Graziano Delrio,  Ministro per gli Affari regionali e le Autonomie con delega all'attuazione del federalismo insieme al viceministro Baretta, commenta "con soddisfazione la possibilità di trasferimento di beni dallo Stato agli Enti locali resa possibile "grazie ad un lavoro cooperativo con Agenzia del Demanio e Anci".

"Nel nostro Paese nulla è più difficile che semplificare - continua Delrio - L'Agenzia del Demanio ha costruito una procedura intelligente, svizzera per efficienza, che permetterà il trasferimento di immobili dello Stato agli enti locali".

Un applicativo semplice, infatti, volto ad attuare l'articolo 56 bis del decreto del Fare. Dal 1° settembre  e fino al 30 novembre, dal sito www.agenziademanio.it ogni Comune e Città metropolitana in via prioritaria, Provincia o Regione, può trovare l'elenco degli immobili statali sul proprio territorio ed esercitare la richiesta di acquisizione.

Si tratta di ben 20mila cespiti per un valore di 2,5 miliardi, palazzi storici o recenti, che i Comuni e gli enti locali ricevono e possono cedere ricavando risorse. Sono già arrivate le prime domande e le prime istruttorie sono iniziate.

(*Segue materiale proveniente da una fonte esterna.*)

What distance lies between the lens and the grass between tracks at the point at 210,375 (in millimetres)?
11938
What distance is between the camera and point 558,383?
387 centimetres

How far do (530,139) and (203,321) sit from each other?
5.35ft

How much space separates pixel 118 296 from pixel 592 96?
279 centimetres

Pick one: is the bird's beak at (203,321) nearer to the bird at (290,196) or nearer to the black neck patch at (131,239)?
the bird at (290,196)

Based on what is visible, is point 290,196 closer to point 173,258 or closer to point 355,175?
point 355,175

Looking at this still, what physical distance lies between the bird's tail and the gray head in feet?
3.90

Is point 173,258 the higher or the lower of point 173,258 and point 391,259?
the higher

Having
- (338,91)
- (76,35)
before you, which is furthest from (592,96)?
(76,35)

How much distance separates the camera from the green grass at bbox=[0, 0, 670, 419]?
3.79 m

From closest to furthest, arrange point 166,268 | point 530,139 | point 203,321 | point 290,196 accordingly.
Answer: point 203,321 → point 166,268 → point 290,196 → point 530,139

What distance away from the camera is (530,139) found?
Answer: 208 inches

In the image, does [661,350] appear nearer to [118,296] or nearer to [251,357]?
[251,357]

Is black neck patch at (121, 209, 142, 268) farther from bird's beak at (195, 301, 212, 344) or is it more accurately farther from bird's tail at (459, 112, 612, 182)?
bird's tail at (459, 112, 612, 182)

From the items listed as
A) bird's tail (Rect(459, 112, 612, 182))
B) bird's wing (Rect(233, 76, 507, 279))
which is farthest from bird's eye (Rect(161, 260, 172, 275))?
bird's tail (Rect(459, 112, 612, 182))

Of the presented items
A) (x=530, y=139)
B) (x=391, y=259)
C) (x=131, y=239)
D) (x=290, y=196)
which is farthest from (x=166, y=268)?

"Abbiamo fatto ripartire il federalismo fiscale, demaniale, amministrativo secondo quanto previsto dalla delega all'attuazione del federalismo - continua Delrio - Insieme con il viceministro Baretta abbiamo avviato il benchmark per i costi standard in sanità, si sta ragionando sulla nuova service tax all'interno del federalismo fiscale, ora attraverso il federalismo demaniale, molti immobili potranno essere trasferiti agli enti locali.  Abbiamo dato gambe ad un federalismo che si basa sulla collaborazione con gli enti locali, e non in un dialogo tra sordi, un vero patto con le autonomie locali. Si riavvia un percorso che si era fermato e che cambierà in maniera decisiva molte città, permettendo di trasformare molti beni, fa ripartire l'economia e contribuire al risanamento dello stato. Sono convinto che i Comuni risponderanno in maniera rilevante".

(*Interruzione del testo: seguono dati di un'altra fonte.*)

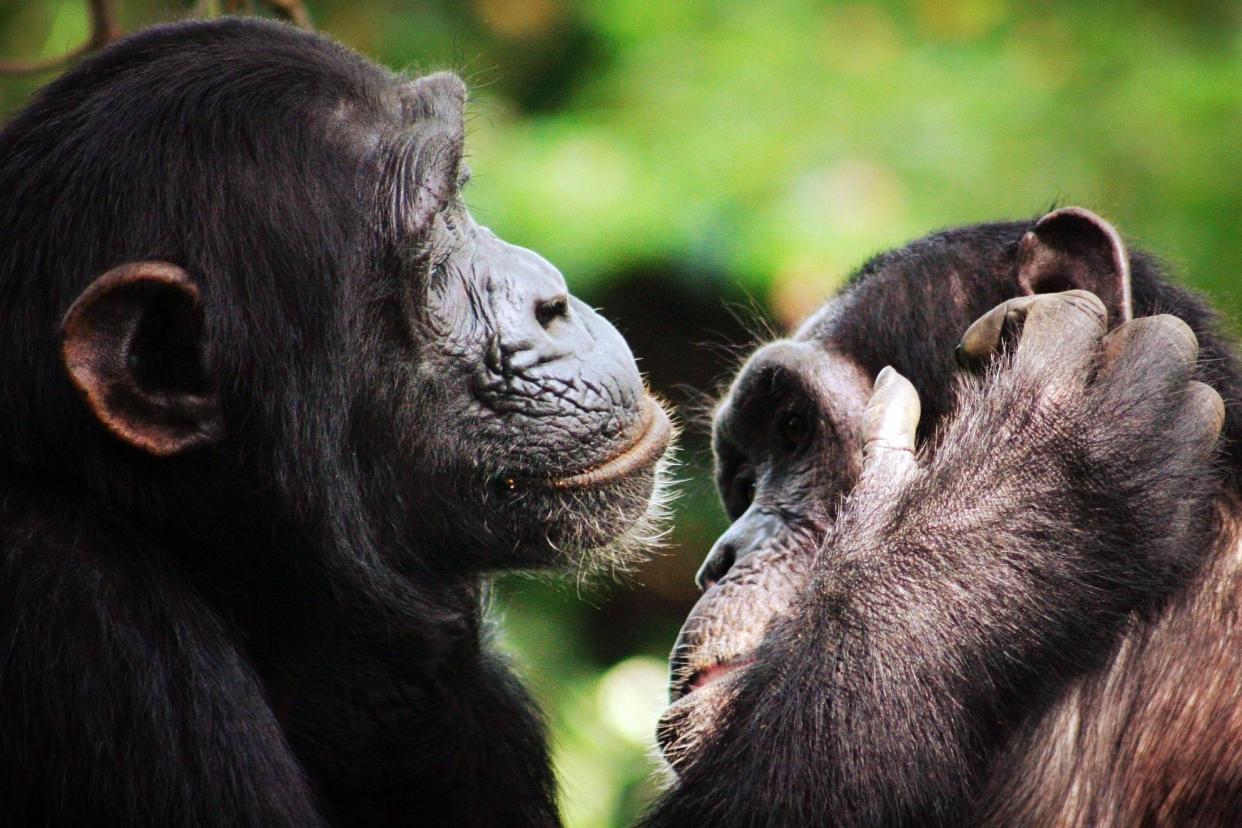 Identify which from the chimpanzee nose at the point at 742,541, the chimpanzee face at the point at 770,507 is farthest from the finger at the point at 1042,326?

La nuova procedura introduce un meccanismo semplice e diretto di interlocuzione tra enti territoriali ed Agenzia del Demanio, che, verificata la sussistenza dei presupposti per l'accoglimento della richiesta, ne comunica l'esito all'Ente interessato entro 60 giorni dalla ricezione della richiesta. Le risorse nette derivanti a ciascun Ente territoriale dall'eventuale alienazione degli immobili trasferiti o dall'eventuale cessione di quote di fondi immobiliari cui i medesimi immobili siano conferiti sono destinate prioritariamente alla riduzione del debito dell'Ente. Quota parte di tali risorse sono trasferite allo Stato e destinate al Fondo per l'ammortamento dei titoli di Stato.